Collectively it is these ingrained legal practices that help maintain a fair and fluid application of due process which protect and maintain human rights within the law.

3. Mandatory Sentencing

Mandatory sentencing has drawn attention as an interesting topic of debate. Although this debate maybe recent, Roche (1999 p. 1) and Morgan (1999 p .267) confirm that during the eighteenth and nineteenth century mandatory sentencing was applied to various offences.

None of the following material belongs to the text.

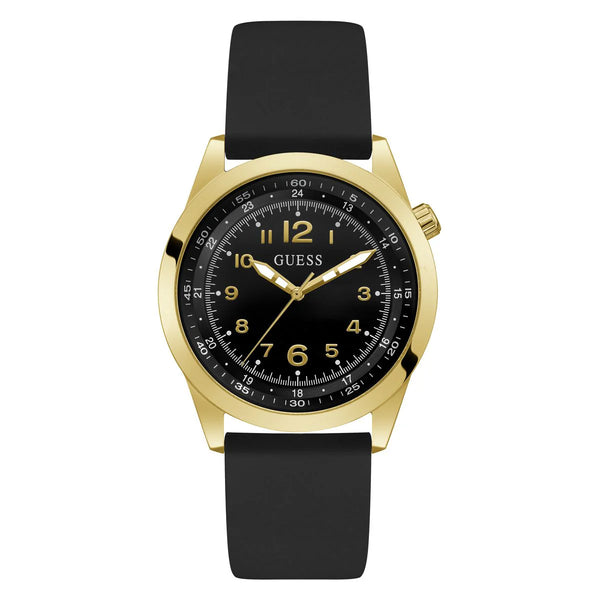 Guess Max Black Dial Round Case Analog Men Watch - GW0494G2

However, such sentencing strategies were predominantly discarded, making way for discretionary conviction practices.

Mandatory sentencing is implemented throughout Australia and is widely applied to different criminal offences. There are few crimes that carry this practice, in general it is crimes that are serious in nature. Here in Victoria, under the Sentencing Act 1991 gross violence offences will incur this application. Furthermore, under the Commonwealth Migration Act 1958, people smuggling crimes will also be sentenced under these guidelines (Cowdery 2014 p.3).

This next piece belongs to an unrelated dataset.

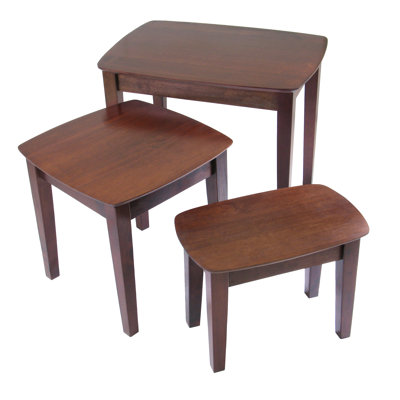 Nesting Tables red barrel studio espinosa 3 piece nesting tables & reviews | wayfair Nesting Tables red barrel studio espinosa 3 piece nesting tables & reviews | wayfair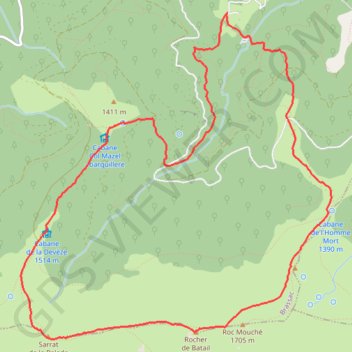Rocher Batail GPS track, route, trail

The practice of mandatory sentencing, is the application of fixed penalties placed upon certain criminal offences. These penalties only imply the type of sanctions, but not the length of the sentence. Often, mandatory sentencing is used in conjunction with mandatory minimum sentencing. This is a minimum sanction which must be impose upon the offender by the courts. Once the defendant has been found guilty of a crime that holds the sanction of mandatory sentencing, the courts then have a limited amount of discretionary power (Hoel and Gelb 2008 p. 7). As a result, the imposed sentence must reside within the statutory range. For example, in Victoria an individual found guilty of manslaughter in circumstances of gross violence, the mandatory penalty must be incarceration. This crime will also incur a mandatory minimum sentence length of 10 years’ non-parole period (Sentencing Advisory Council).

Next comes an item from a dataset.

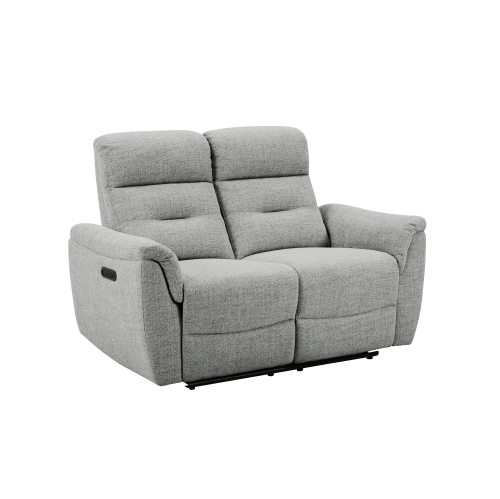 Image 1 of 1.. Levoluxe Cain 57" Power Reclining Loveseat in Weave Fabric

Mandatory sentencing was formally introduced by the legislative government. Many scholars including Goldflam and Hunyor (1999 p. 212) state it arose from tough on crime election campaigns. However, due to the separation of government powers, it is the judiciary which ultimately interprets these laws and imposes the punishment upon guilty offenders.

According to Hoel and Gelb (2008 p. 1) the purpose of mandatory sentencing aims to improve public confidence in the courts, providing sentencing that reflect community views. It is the sentence that acts as punishment, providing the public’s perception of crime and justice. Additionally, it is mandatory sentencing which can be viewed as a public response to perceived problems within the criminal justice system.

There are three principals which underpin the justification to mandatory sentencing. Firstly, the implement of fixed punishment addresses the consistency of sentences. This is based on the idea that consistency offers fair and just outcomes to all the individuals who commit the same offence. Secondly, mandatory sentencing generally imposes sentences of incapacitation and recently, diversionary programs for the youth. The intent here, is to reduce further incidences of criminal offences increasing community safety. Lastly mandatory sentencing aims to encourage the notion of deterrence. This is based on the understanding that fixed punishment will discouraged criminal activity.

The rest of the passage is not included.